I picked this book up while I was looking for a good adoption memoir for the class I'm teaching. I meant to just skim it to see if it would be appropriate, but after reading the first paragraph, I was hooked. I finished it the same day, which is something that does not happen often in my house. (I have a three-year-old.)

One Small Boat is a tender story about what love can and cannot do for children in the foster care system. The narrative most closely follows the story of Daisy, a five-year-old who, when she arrived at the Harrison’s house, was emaciated, green snot dripping from her hose, arms flapping.

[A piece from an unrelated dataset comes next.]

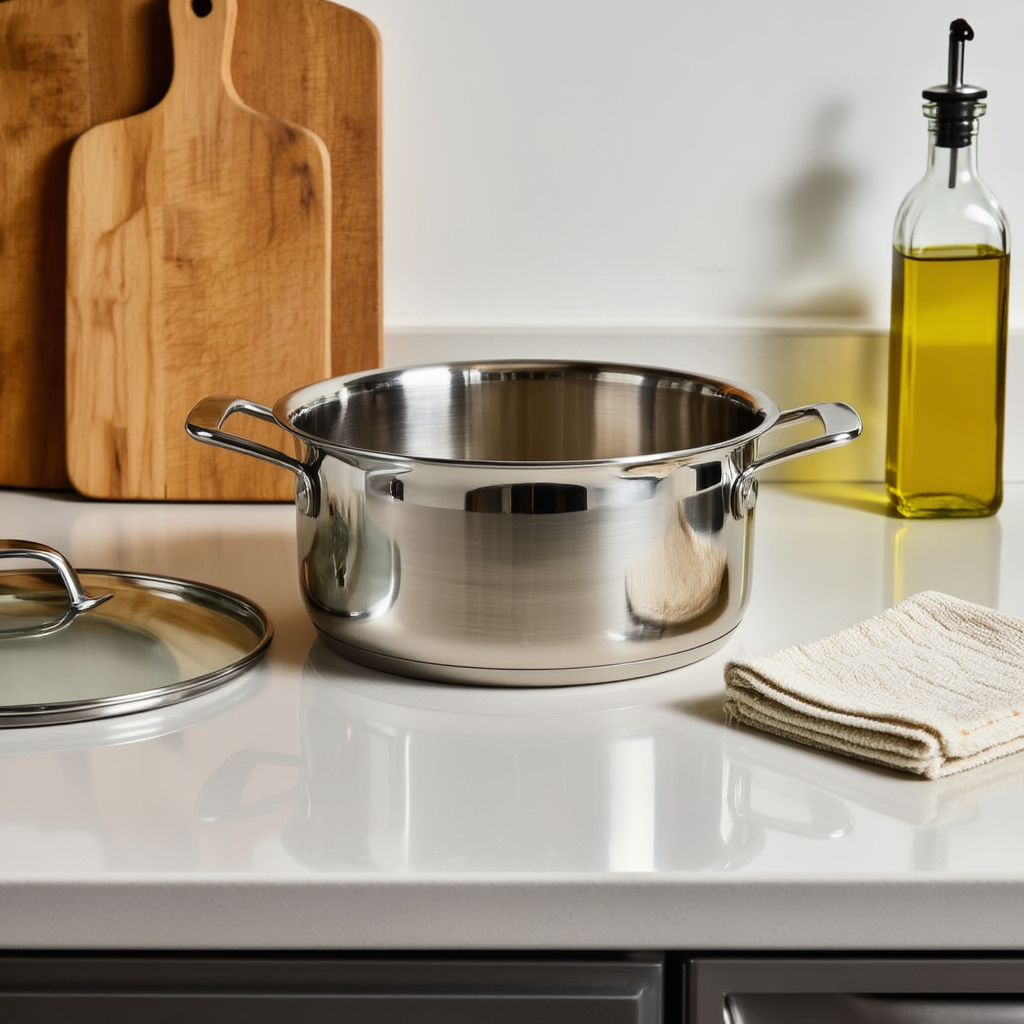 A kitchen counter with a stainless steel pot, a wooden cutti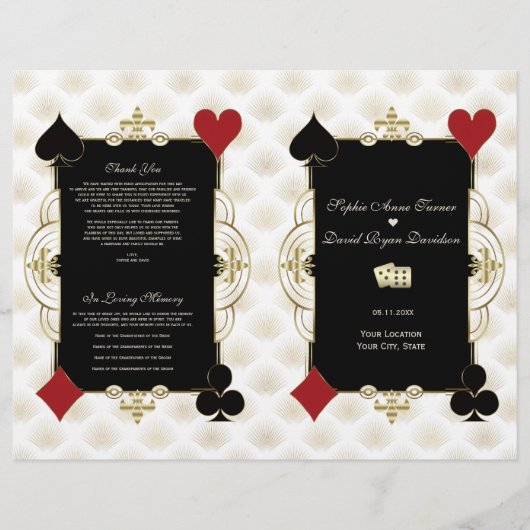 Glam Gold Casino Vegas Wedding Program Flyer (Voorkant)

Harrison’s prose is smooth and her voice engaging, but one of the things I loved most about this book was her honesty. One is tempted (and by "one" I mean "I am tempted") to think of foster parents as saints, which I think can be reductive. (If they are saints, it's easier to convince ourselves that fostering is something that non-saints can't do.) But Kathy Harrison never makes herself out to be a saint. She is clearly getting something from taking care of these children, and she admits that. When she is waiting for a new child to be placed with her, she states how impatient she is. When a foster-parent friend calls to tell Harrison about the six-year-old twins she was getting that afternoon, Harrison "sulked for the rest of the day. When a full week went by, I was beginning to feel a big ghoulish in my pining for another child. After all, the only way for me to have what I wanted was for another family to sink into the mire of social services." When she takes care of two older, very difficult girls, and she wonders why she kept them as long as she did, she admits that "there was a certain ego jolt I got from caring for these particular girls. They put on a good deal of weight and gained several inches in height…People commented on how well they looked and how much progress we had made. Foster parents get precious few pats on the back. Caring for Ruth and Mary Margaret assured me lots of pats." It’s this kind of honesty and her refusal to make herself into a saint that make Harrison such a successful narrator. I trust her. She is real and vulnerable, and when she cried, so did I. Seriously, I was wiping my face with my sleeve.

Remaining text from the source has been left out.